§ ASSIGNED TASK
The lines to return are those from the line holding "Beautiful view of" through the last line of the entries below, both included, written exactly and without pictures.

[Items from a dataset]
· · · · · · ·

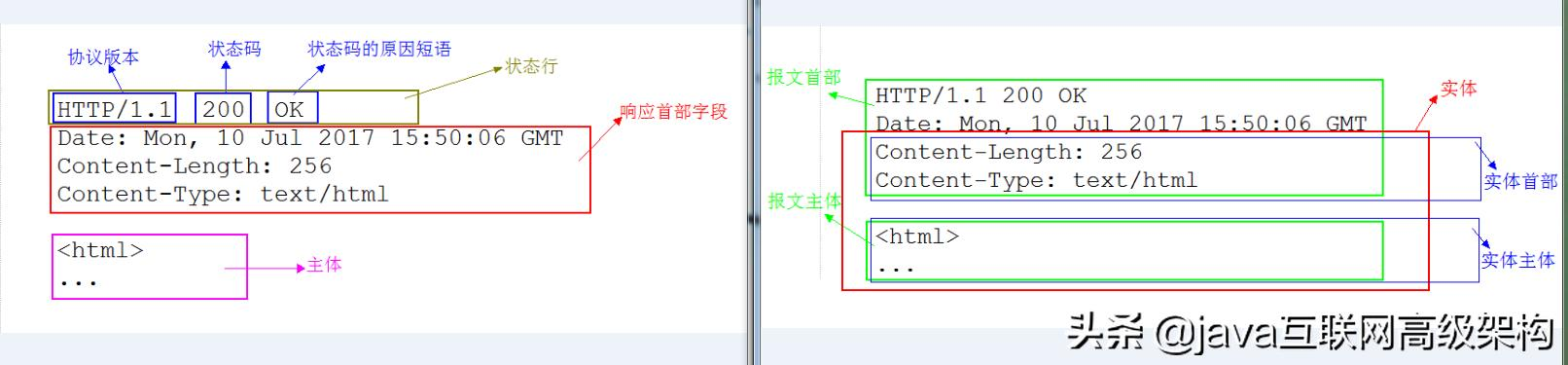 太厉害了，终于有人能把HTTP协议讲的明明白白了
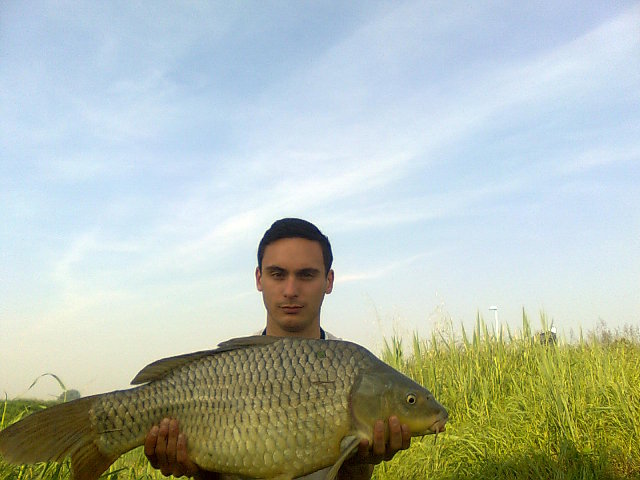 7.25.jpg (135.18 KiB) Visto 4321 volte 7.25.jpg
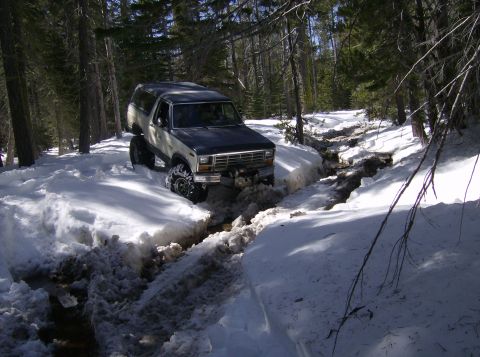 1986 Ford Bronco - Ford Bronco navigates a challenging snowy path in a wooded area.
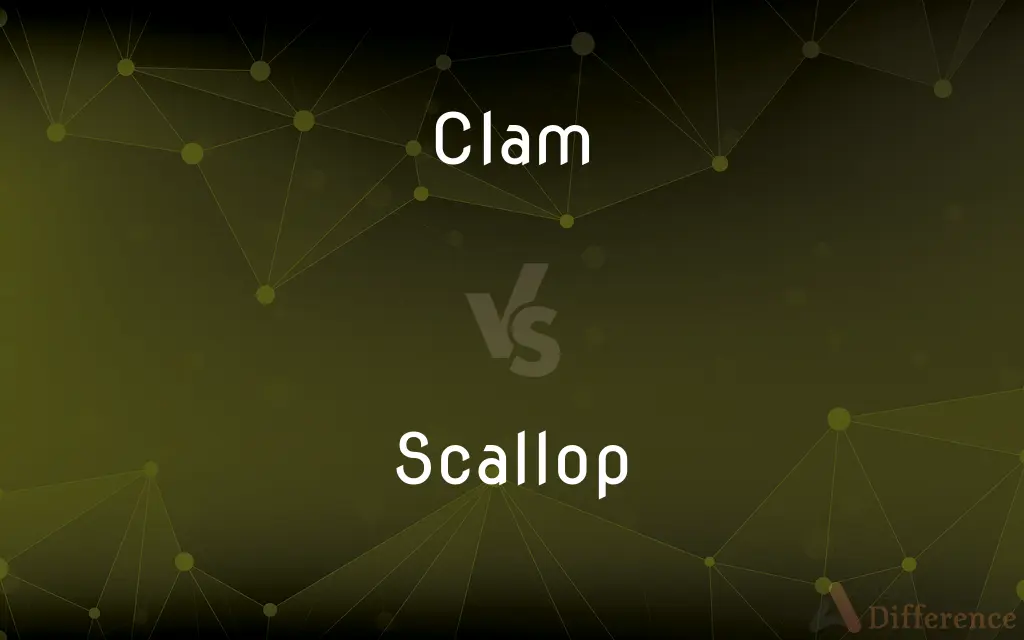 Clam vs. Scallop — What's the Difference?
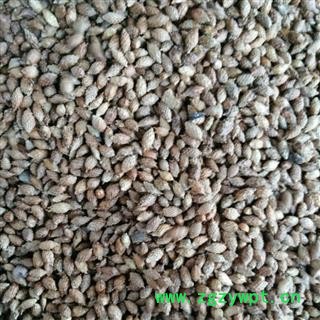 苍耳子  小粒撞刺统产地内蒙古自治区赤峰市林西县图3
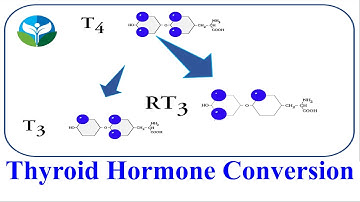 Thyroid Hormone Conversion T4 to T3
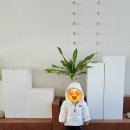 낮과 밤 | 양평감성카페 흑유재 만3세 아이와 함께 낮과 밤 다녀온 후기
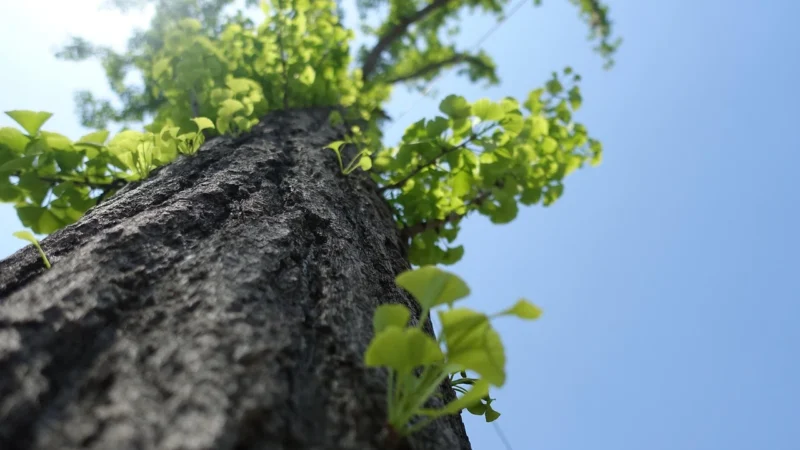 Solgar Pamięć I Koncentracja Zestaw Wyciąg Z Liści gingko Biloba 60Kaps. + Magnez Chelat Aminokwasowy 100Tabl.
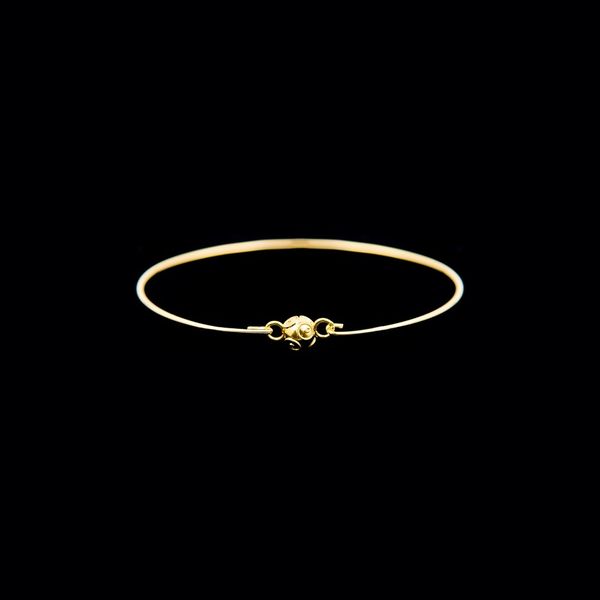 Bracelete Conta de Viana.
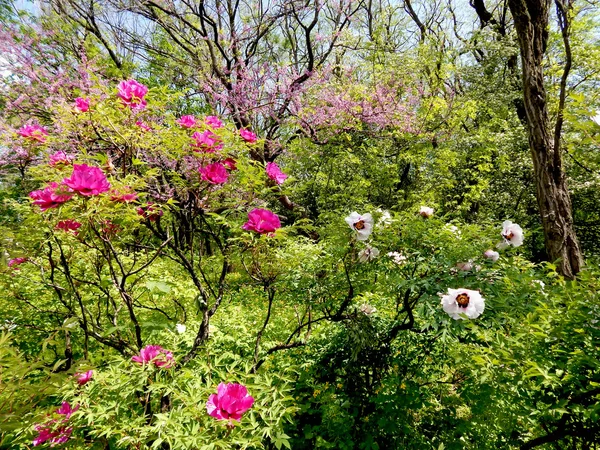 Beautiful view of the peonies and blossoming trees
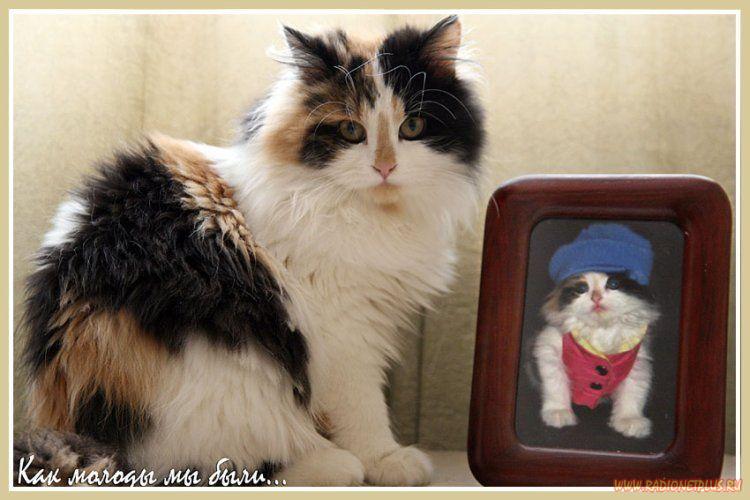 Давайте улыбаться вместе! :) (28поводов)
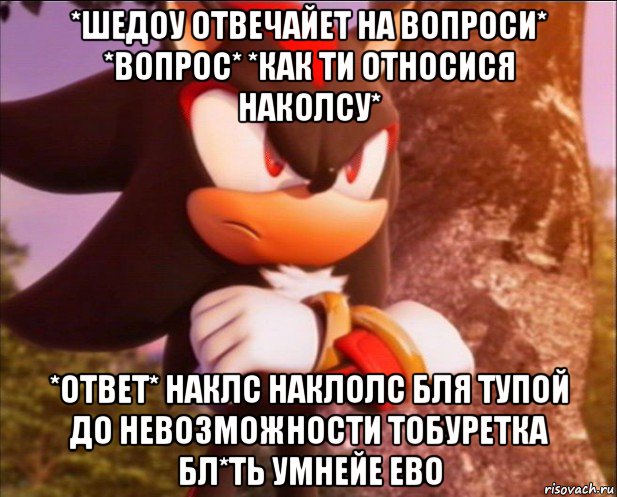*шедоу отвечайет на вопроси* *вопрос* *как ти относися наколсу* *ответ* наклс наклолс бля тупой до невозможности тобуретка бл*ть умнейе ево
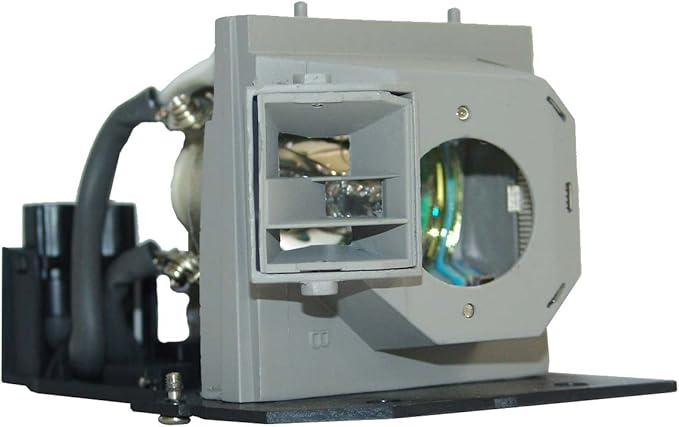 Advanced Lamps™ Lamp & Housing for The Infocus IN82 Projector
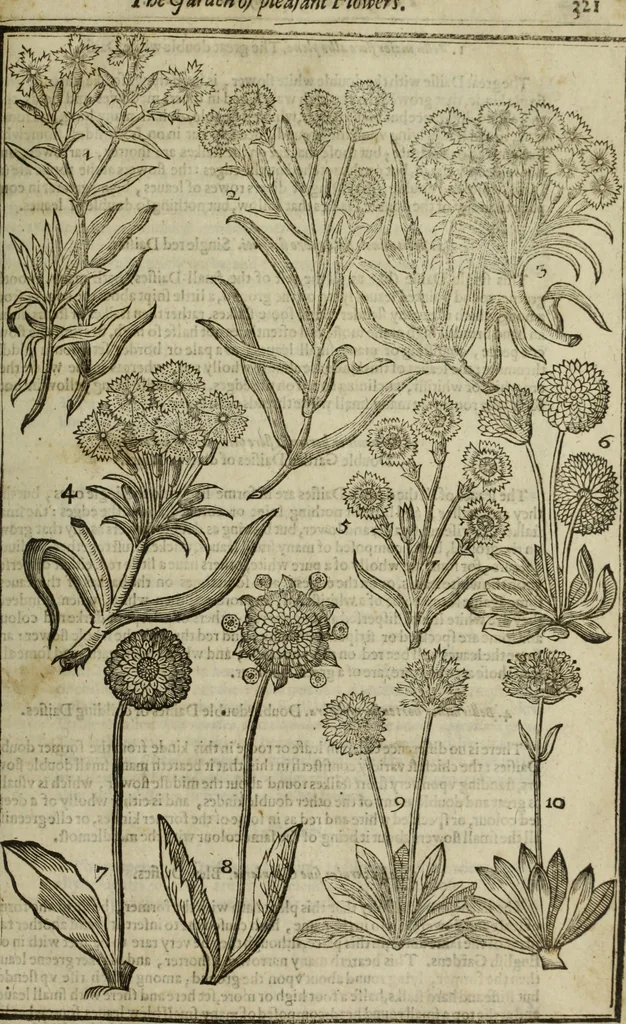 An illustration from Paradisi in sole, paradisus terrestris : or, a choice garden of all sorts of rarest flowers : with their nature, place of birth, time of flowering, names, and vertues to each plant, useful in physick, or admired for beauty. To which is annext a kitchen-garden furnished with all manner of herbs, roots, and fruits, for meat or sawce used with us. With the art of planting an orchard of all sorts of fruit-bearing trees and shrubs, shewing the nature of grafting, inoculating and pruning of them. Together with the right ordering, planting and preserving of them, with their select vertues: All unmentioned in former Herbals, 1656, leaf 332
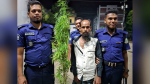 বাউফলে বসতঘরের পেছনে গাঁজা চাষ, ৩ গাছসহ আটক ১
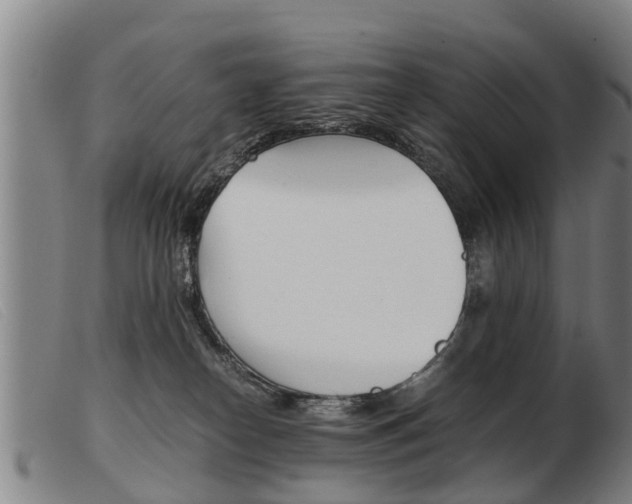 X0000103960182200809191343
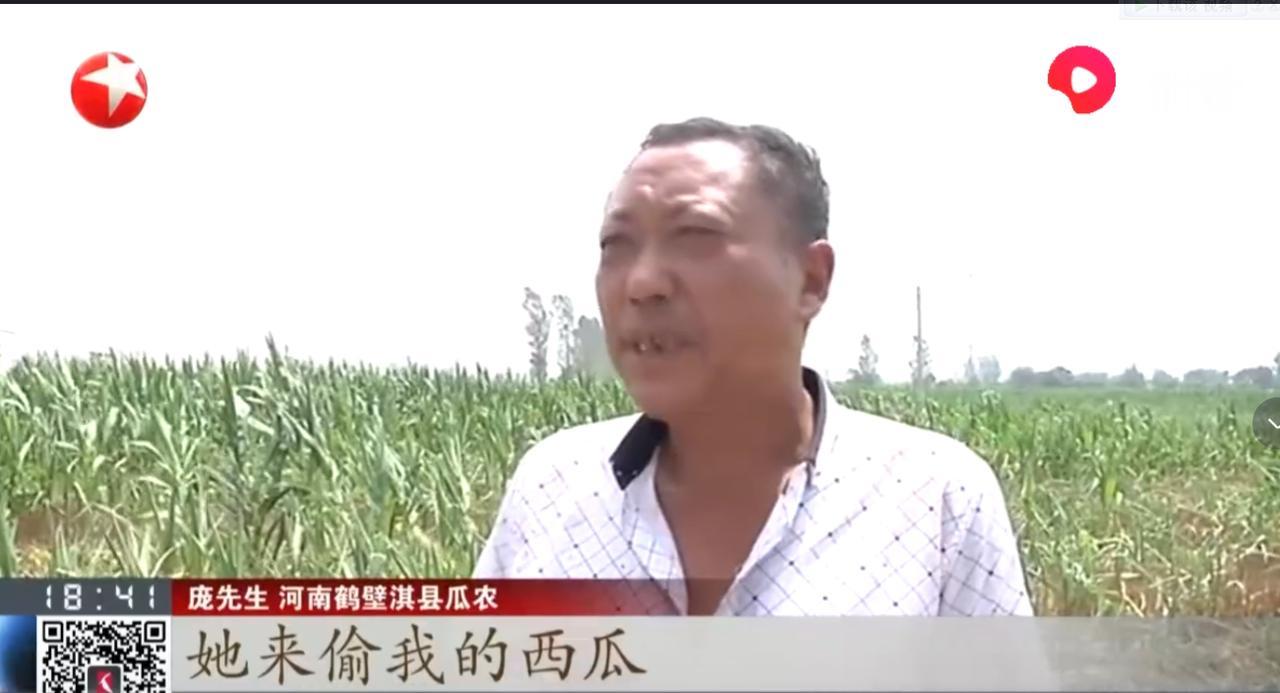 “瓜农抓偷瓜者被令倒赔三百？”2019年，河南一女子带着女儿在瓜田里偷了9个西瓜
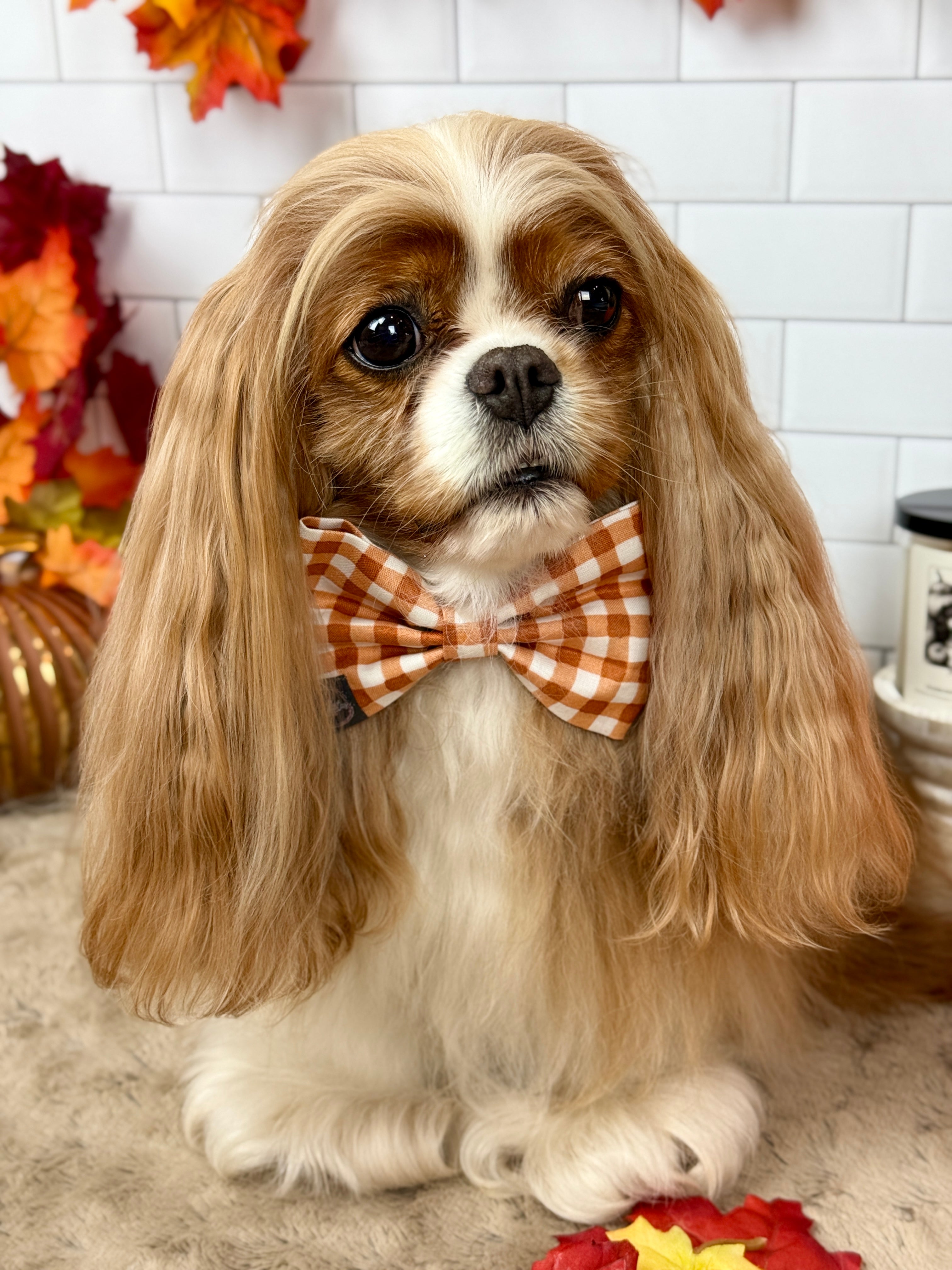 Dress to Impress Bow Tie - Sunset Bouquet or Pumpkin Gingham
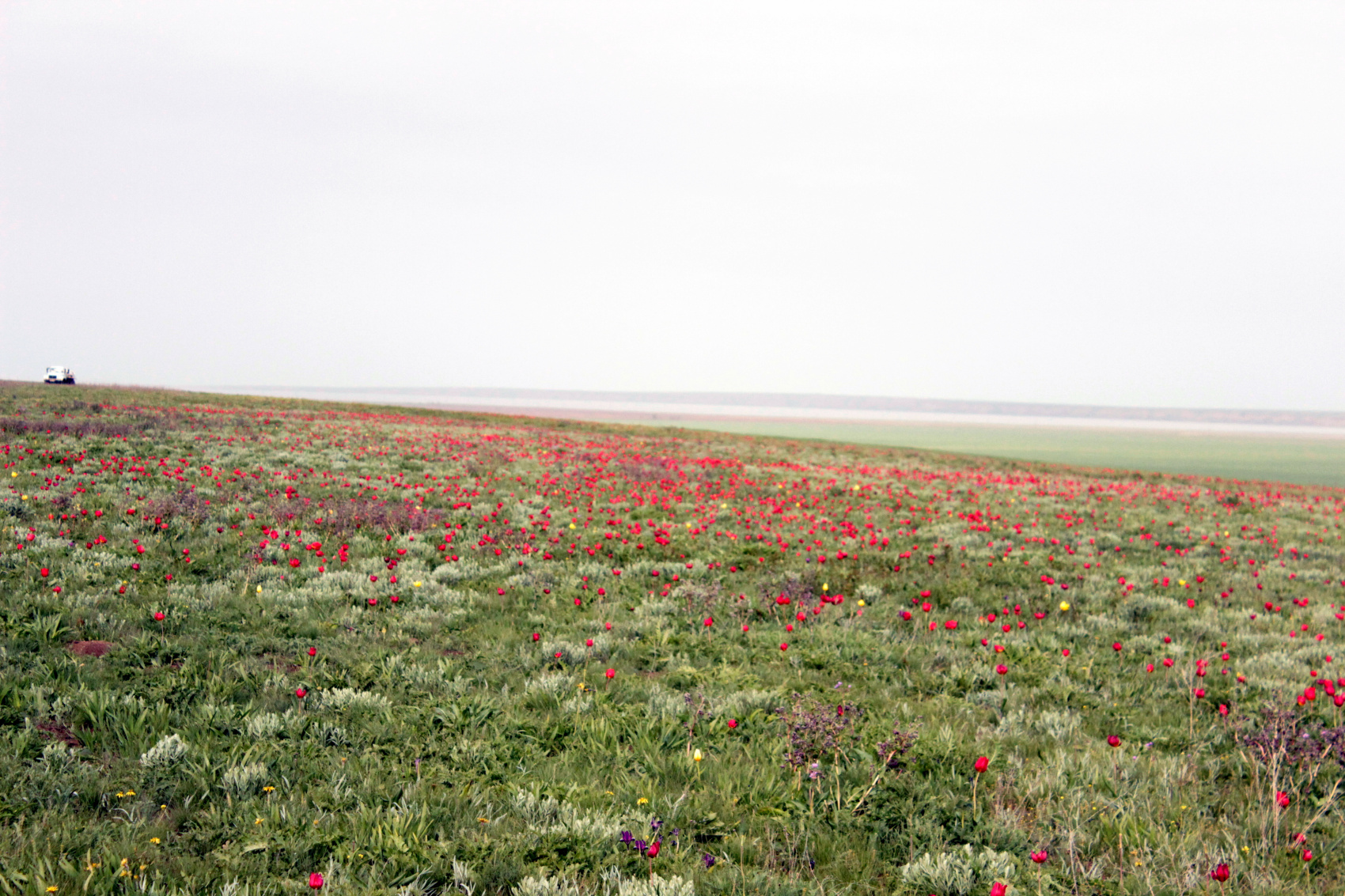 Калмыкия в пору цветения тюльпанов +  Волгоград (22/77)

· · · · · · ·

§ YOUR RESPONSE
 Beautiful view of the peonies and blossoming trees
 Давайте улыбаться вместе! :) (28поводов)
*шедоу отвечайет на вопроси* *вопрос* *как ти относися наколсу* *ответ* наклс наклолс бля тупой до невозможности тобуретка бл*ть умнейе ево
 Advanced Lamps™ Lamp & Housing for The Infocus IN82 Projector
 An illustration from Paradisi in sole, paradisus terrestris : or, a choice garden of all sorts of rarest flowers : with their nature, place of birth, time of flowering, names, and vertues to each plant, useful in physick, or admired for beauty. To which is annext a kitchen-garden furnished with all manner of herbs, roots, and fruits, for meat or sawce used with us. With the art of planting an orchard of all sorts of fruit-bearing trees and shrubs, shewing the nature of grafting, inoculating and pruning of them. Together with the right ordering, planting and preserving of them, with their select vertues: All unmentioned in former Herbals, 1656, leaf 332
 বাউফলে বসতঘরের পেছনে গাঁজা চাষ, ৩ গাছসহ আটক ১
 X0000103960182200809191343
 “瓜农抓偷瓜者被令倒赔三百？”2019年，河南一女子带着女儿在瓜田里偷了9个西瓜
 Dress to Impress Bow Tie - Sunset Bouquet or Pumpkin Gingham
 Калмыкия в пору цветения тюльпанов +  Волгоград (22/77)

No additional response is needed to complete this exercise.